According to www.lawgazette.co.uk, the Economic Crime and Corporate Transparency Bill will require Companies House to check the identity of company officers, tighten registration requirements for limited partnerships and enable better information-sharing on suspected money laundering.
However at its second reading yesterday, critics from all the main parties urged the government to back up the new powers with more resources and to create new offences to hold corporate executives personally to account.
Conservative Kevin Hollinrake noted that corporations are able to treat fines as 'simply a cost of doing business'. He told home secretary Suella Braverman 'The only way in which we will clamp down on this is to hold individual executives at the top of organisations to account and, if necessary, put these people in jail.'
Several MPs noted the absence from the bill of a 'failure to prevent' offence, one of the options presented by the Law Commission last June in its report on corporate criminal responsibility. 'The government are carefully assessing the options that were presented and are committed to working quickly to reform criminal corporate liability,' Braverman said.

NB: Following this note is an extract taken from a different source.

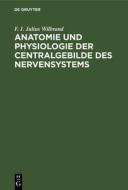Anatomie und Physiologie der Centralgebilde des Nervensystems di F. J. Julius Wilbrand edito da De Gruyter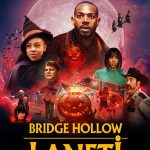 Bridge Hollow Laneti - The Curse of Bridge Hollow (2022)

The home secretary noted that the bill will remove the statutory cap on the Solicitors Regulation Authority’s financial penalty powers for disciplinary matters relating to economic crime. 'That will align the SRA with other regulators that have such flexibility,' Braverman said. 'Fewer cases will be referred to the Solicitors Disciplinary Tribunal, resulting in faster enforcement. There will be a credible deterrent and a more coherent response to breaches of economic crime rules.'
The Law Society has already criticised this position. 'We support the UK government’s ongoing commitment to tackling economic crime, preventing the misuse and abuse of limited partnerships and corporate structures, and increasing the integrity of the registers maintained by the Registrars of Companies,' said president Lubna Shuja. 'We do have a concern, however, over the government’s proposal to allow the SRA the ability to impose limitless financial penalties for economic crime disciplinary matters.'
Shuja said that there is little evidence that a parallel increase in the Financial Conduct Authority's fining powers have aided the fight against financial crime. 'Therefore, we do not have confidence that increased fining powers for the SRA would have a significant enough impact on the fight against economic crime to warrant the additional burden of regulation.'
The bill now goes to its committee stage for amendments to be considered.